Japan is continuing with its incentive program for overseas projects, which has supported the likes of The Smashing Machine, and is enhancing the offer for 2026.
The Visual Industry Promotion Organization (VIPO) and the Japan Film Commission have announced the Ministry of Economy, Trade and Industry (METI) will update the scheme, including the introduction of multi-year subsidies.
Productions will be given greater flexibility to report expenses, loosening the previously rigid timeline system. Under the previous system, a one-year production could only claim on expenses incurred during the Japanese fiscal year. The new one allows the costs to span up to two years.
METI noted that previously, a one-year project in the current fiscal year had to from March 27, 2025, to January 31, 2026 to qualify.
The new-look incentive is planned to launch in late spring 2026, per the Japanese Film Commission. Guidance around applications will follow at a later date.
Since its launch in 2023, the program has supported 18 projects – notably aiding Dwayne Johnson’s turn as UFC Mark Kerr in The Smashing Machine.
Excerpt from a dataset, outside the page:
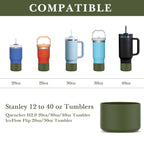 Linkidea 2 Pack Water Bottle Boot Compatible with Stanley Quencher H2.0 20oz/30oz/40oz, IceFlow Flip 20oz/30oz Tumbler, Silicone Bottle Bottom Sleeve Cover Bumper Protector (Army Green)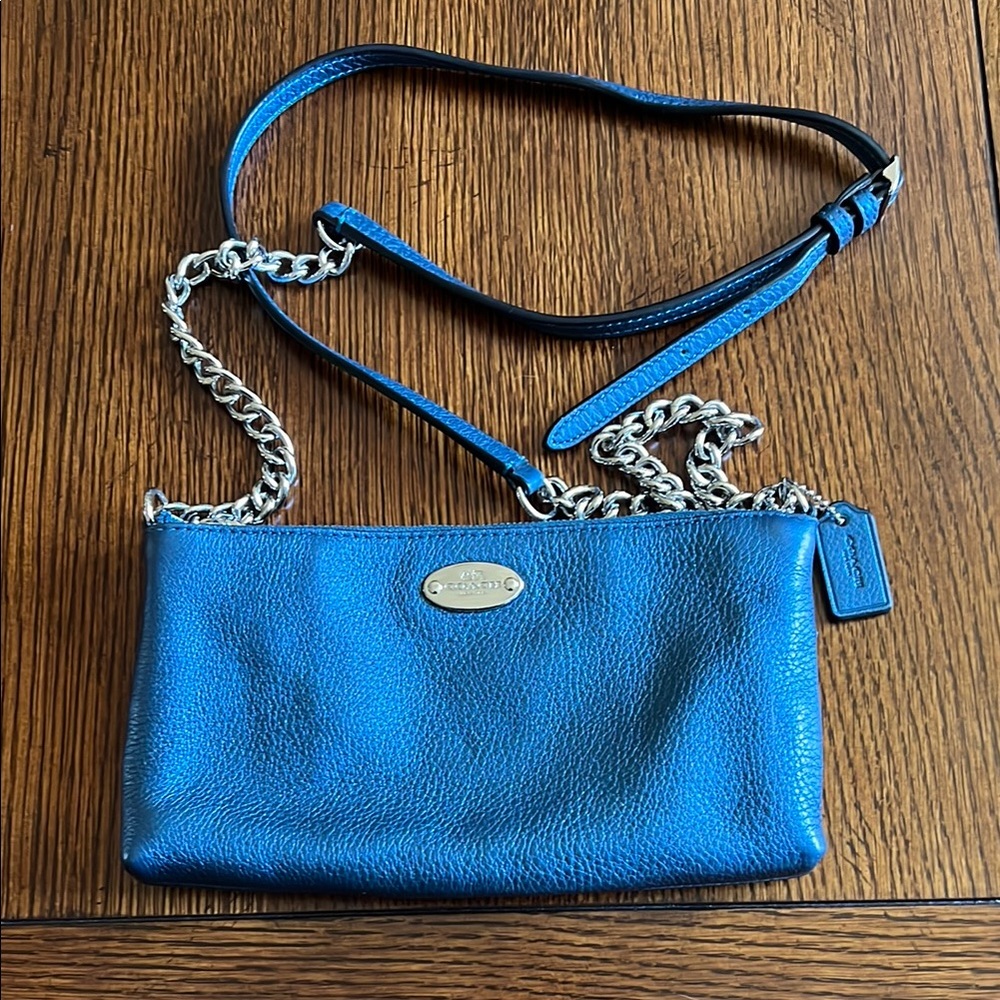 Coach Metallic Blue Quinn Crossbody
Filming on the pic, which landed director Benny Safdie the Silver Lion at the Venice Film Festival, took place in Japan.
Others supported include the Brendan Fraser-starring U.S.-Japan co-pro Rental Family, which is about an American actor in Japan who joins a ‘rental family agency,’ and Season 2 of Apple TV’s French-Japanese thriller series Drops of God, which is set in the world of fine wines and stars Fleur Geffrier and Tomohisa Yamashita as rivals competing to inherit a vast wine collection.
METI operates the program, with VIPO its operator and the Japan Film Commission the coordinator.